Domestic production of industrial sand increased more than 36 percent in 2017 as Wisconsin again led the nation, according to new numbers from the U.S. Geological Survey.
Total U.S. production was about 105 million metric tons, worth an estimated $3.5 billion, according to the agency’s 2017 Mineral Commodity report released Thursday. That’s up from about 77 million tons the previous year but still below the peak in 2014.
The average price of sand in 2017 was about $33 per ton, down slightly from the previous year. That figure represents the value of sand at the mine and doesn’t include shipping costs.
Wisconsin produced about $1.5 billion worth of minerals, principally industrial sand. Only 14 states produced minerals worth more.
The report does not include state-level numbers, but between 2013 and 2015 Wisconsin produced about a third of the nation’s industrial sand, according to USGS data. There are currently 92 active sand mines in the state, according to the Department of Natural Resources.

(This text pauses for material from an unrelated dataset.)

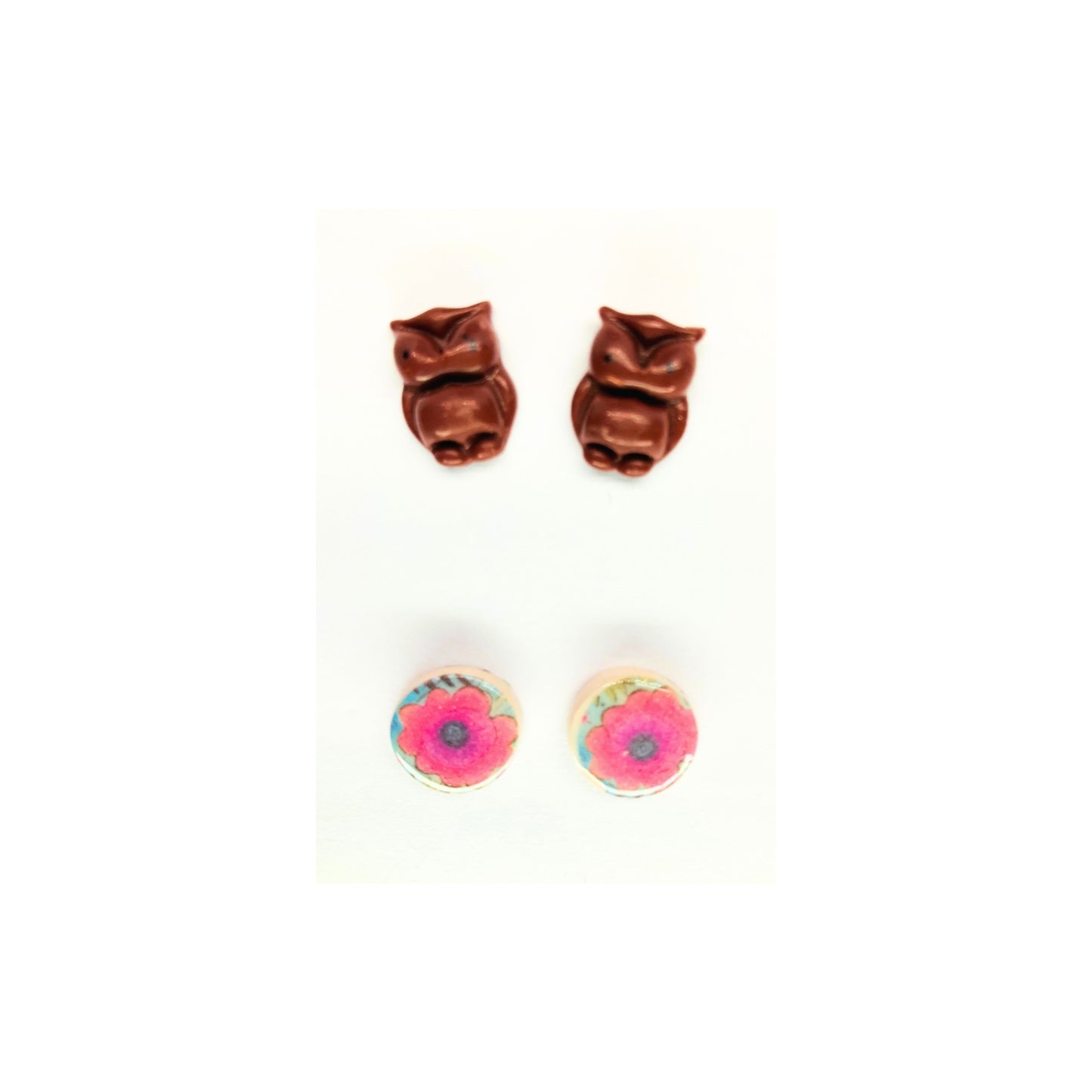 Owl and Pink Floral Stud Earrings-Crafting By BB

The report indicates the industry enjoyed a rebound from 2016, when Wisconsin sand producers were idling mines and laying off dozens of workers.
“Generally 2016 was a pretty low year,” said Thomas Dolley, a mineral commodity specialist.

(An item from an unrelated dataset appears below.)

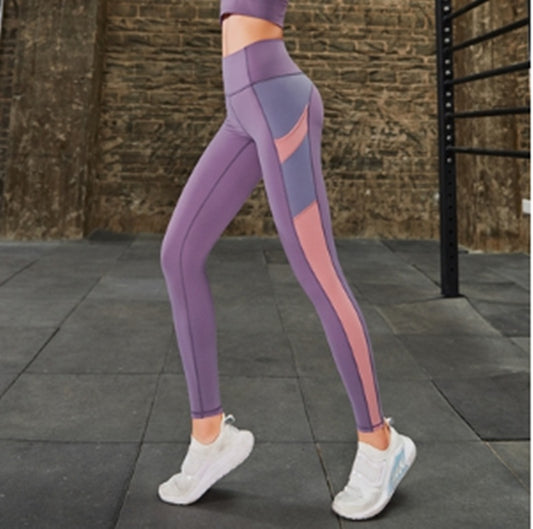 Two-Piece Yoga Fitness Set - Nylon Pocket Leggings with Sports Top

The increase was primarily driven by activity in the oil and gas industries, which use about 63 percent of total domestic consumption, according to the agency’s 2017 Mineral Commodity report.

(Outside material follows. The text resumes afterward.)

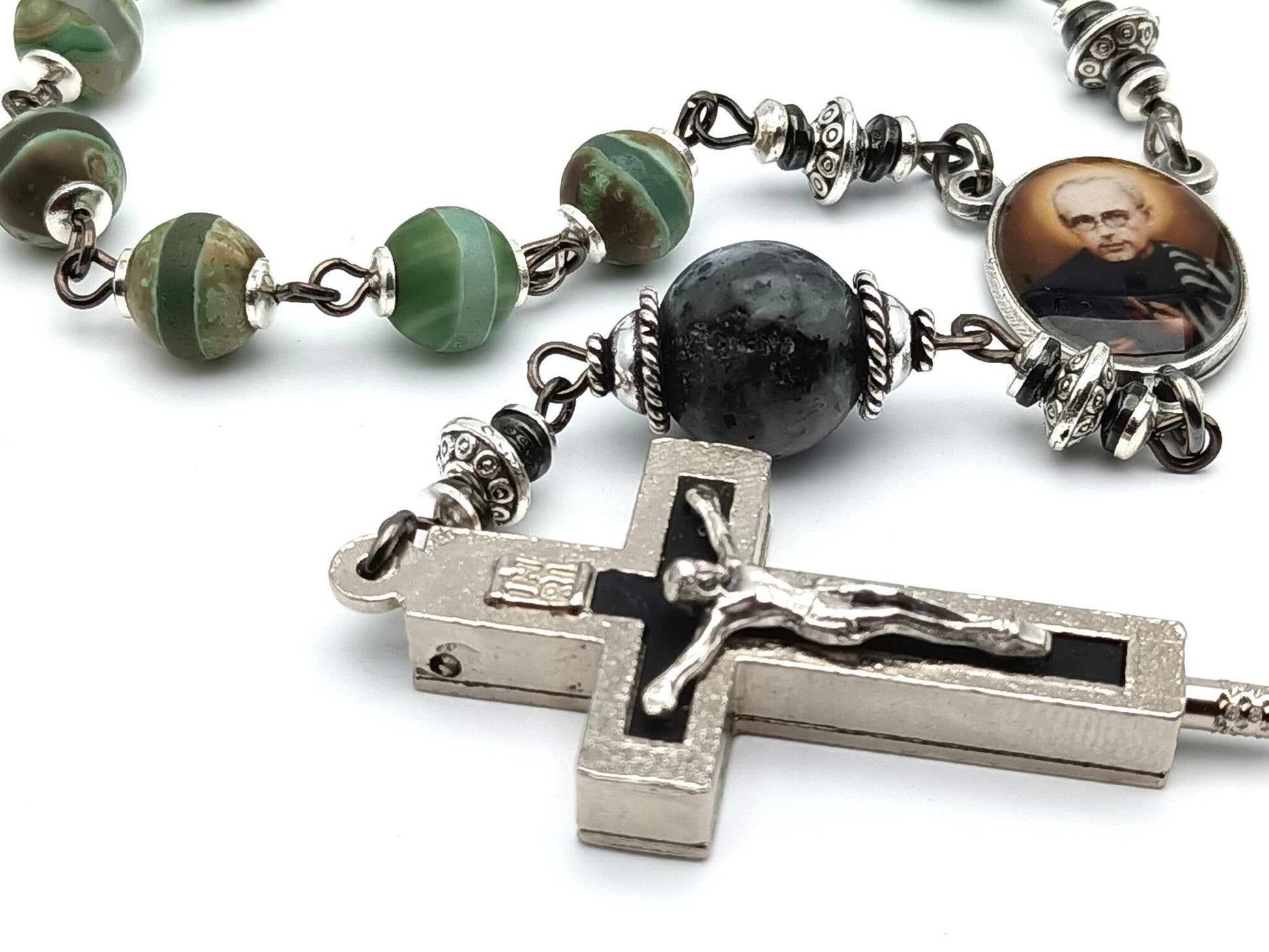 Saint Maximillian Kolbe unique rosary beads single decade with gemstone beads, silver and black relic holder crucifix and picture centre medal.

Silica sand, which is abundant in western Wisconsin, is mixed with a cocktail of water and chemicals and injected into the earth, where the grains prop open cracks in rocks to release gas and oil in a process known as hydraulic fracturing. Industrial sand is also used in foundries and for glass, abrasives and filters.
Increased oil and gas drilling was a major factor in the increase, while more efficient fracking techniques, which require more sand per well, also boosted demand.
“In any given year it’s always with the activity in the oil patch,” Dolley said. “If that’s up, sand production will be up.”